Master Service Companies owner Josh Smith has sold his company and will use the profits to create a foundation that will fund criminal justice reform initiatives.
The Knoxville-based residential waterproofing and foundation services company sold for an undisclosed amount to Larry Janesky of Connecticut-based Contractor Nation, formerly known as Basement Systems, Inc.
The deal was put together in just four weeks, Smith said.
Master Service, formerly known as Master Dry, reported almost $30 million in annual revenue and has 180 employees in Knoxville, Indianapolis and Winston Salem, North Carolina.
Its headquarters will remain in Knoxville, Smith said.
“I have had 100% peace the whole time,” Smith said. “I tell you, I’ve gotten emotional multiple times through it, but it’s only because of the amount of money now that’s going into this foundation.”
Transforming criminal justice culture
Smith’s yet-to-be-named foundation will invest millions of dollars in changing the culture of criminal justice from one of incarceration to transformation.
“Right now, people going to prison, they don’t come out to society better, generally, they come out worse,” he said. “Because we have this incarceration penalty, make-them-pay mindset, right?
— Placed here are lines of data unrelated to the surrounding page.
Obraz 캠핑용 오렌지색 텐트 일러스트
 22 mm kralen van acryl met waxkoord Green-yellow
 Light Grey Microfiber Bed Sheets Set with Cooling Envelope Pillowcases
Well, the problem is we’re literally hitting our own self with the stick that we’re trying to hit them with. Because now they’re getting back out, the recidivism rate is really high, and we’re not doing well by society by doing that.”
Smith endured abandonment and abuse in his childhood, was removed from his home at age 12 and was jailed for the first time at age 16. He quit school in 10th grade and at age 21 spent five years in a federal prison camp on drug-related charges.
After being released from prison more than 15 years ago, Smith began giving back by volunteering in prisons in the U.S. and in Costa Rica, Panama and Nicaragua. He founded the business in 2008.
In June 2019, he was named to Gov. Bill Lee’s Tennessee Criminal Justice Investment Task Force, created to address the criminal justice system, public safety and reentry. He also mentors a group of men who have served time in prison.
Smith hopes to fund training, workforce development and reentry programs through the foundation.
“How do we help someone return to society better than from when they were locked up,” Smith said, “so they can learn what ever it was about life that they didn’t learn before?”
More jobs in Knoxville
Founded in 1990, Contractor Nation is an international membership organization that offers training, entrepreneurship resources and patented equipment for contractors, including Master Service Companies.
The company employs more than 200 people and has 350 authorized dealers in the U.S. and Canada.
“Master Service Companies has grown steadily year over year and has been able to develop training and operational processes that are among the most effective in our industry,” Janesky said in a press release.
Janesky said he plans to continue growing Master Service’s market share and hire more employees.
“When I reflect on the most important inspirations for helping me grow this company, I think of my first interaction with Larry Janesky and the team at Contractor Nation,” Smith said in a press release. “I had no business experience, only the desire to work hard and the willingness to follow a process. The training I received was instrumental in my ability to grow Master Service Companies, and I know Larry is the right person to take the company to the next level.”
Giving it all away
Smith said he was inspired by “Giving It All Away,” written by Hobby Lobby founder David Green, in which Green advocates for founders to commit to a salary and use business profits for philanthropic good.
After reading it, Smith said he personally committed to a salary and a maximum net worth.
“It captivated me,” Smith said. “I had never planned on being somewhere where I had this kind of money. Now that I’ve got my home and I’ve got other things, what else can I buy?”
For years, Smith shied away from sharing his personal story for fear it would hurt his business or his employees.
“I’m going to be able to work in an area and use my voice in a way that I have not been able to before, because I didn’t feel like I could build my business doing that,” he said. “And now nobody can hold it against me.”